Task instructions — Copy the data exactly. Images are to be left out.
BEGIN
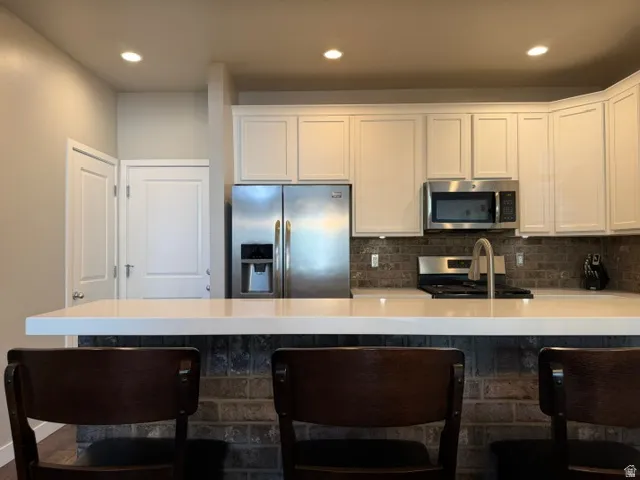 Modern kitchen featuring white shaker cabinetry, stainless steel appliances, a brick-patterned backsplash, and a light-toned countertop with an integrated breakfast bar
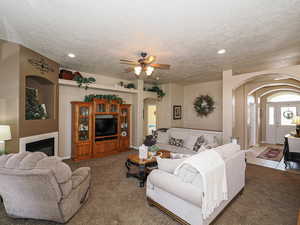 Living room with light colored carpet, arched walkways, a textured ceiling, and a glass covered fireplace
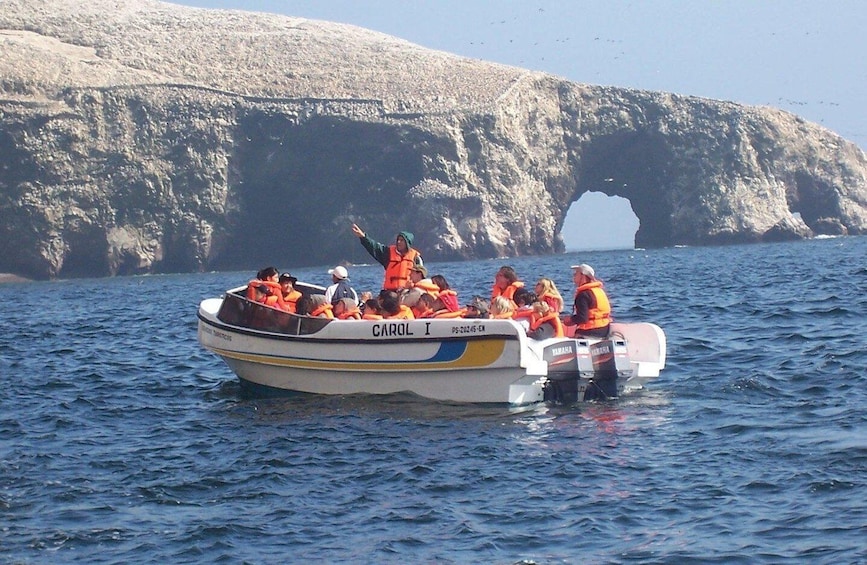 A boat named CAROL I with people wearing life jackets on the water. 3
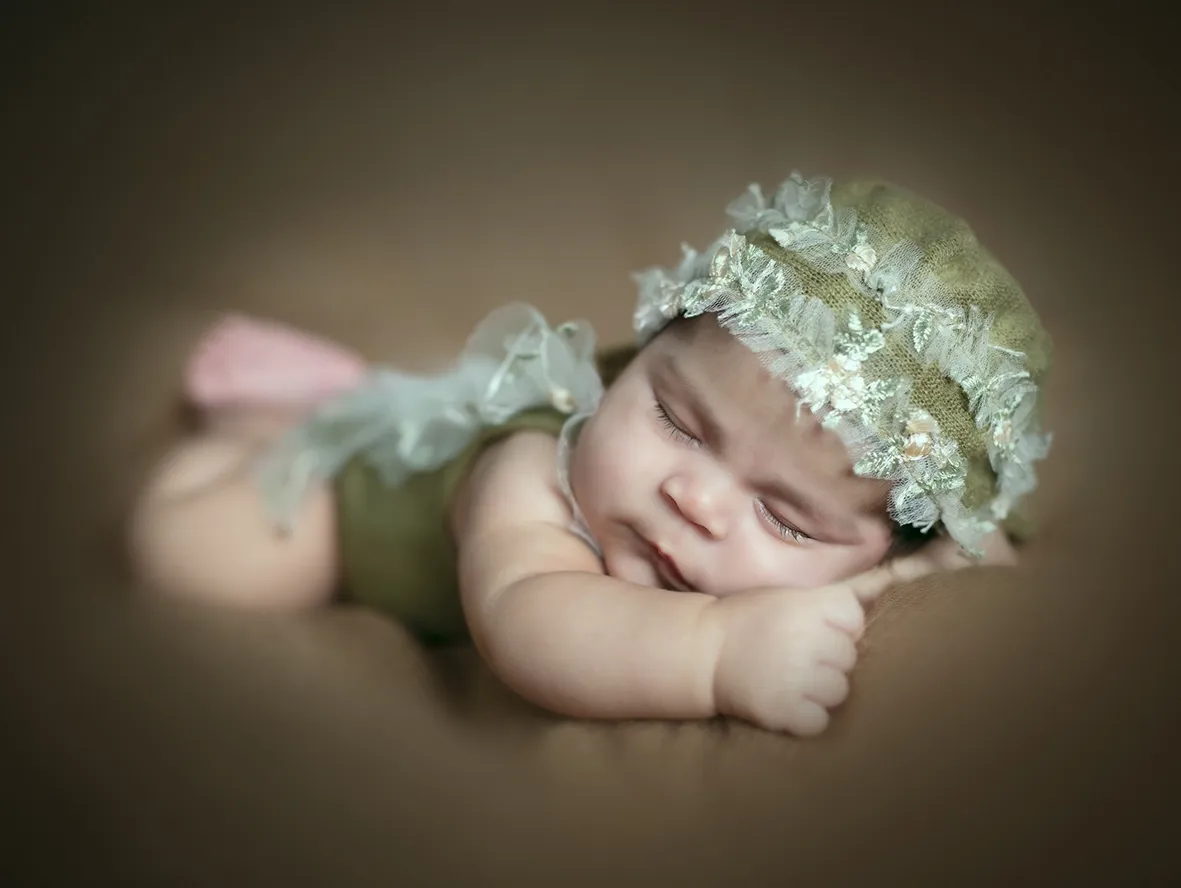 Bebé dormido con un gorro de encaje, tumbado sobre una superficie marrón.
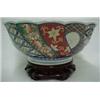 Image 2 : Imari bowl on wooden stand, scalloped rim with undulating design, interior center Chinese script,...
END
Result of this exercise —
 Modern kitchen featuring white shaker cabinetry, stainless steel appliances, a brick-patterned backsplash, and a light-toned countertop with an integrated breakfast bar
 Living room with light colored carpet, arched walkways, a textured ceiling, and a glass covered fireplace
 A boat named CAROL I with people wearing life jackets on the water. 3
 Bebé dormido con un gorro de encaje, tumbado sobre una superficie marrón.
 Image 2 : Imari bowl on wooden stand, scalloped rim with undulating design, interior center Chinese script,...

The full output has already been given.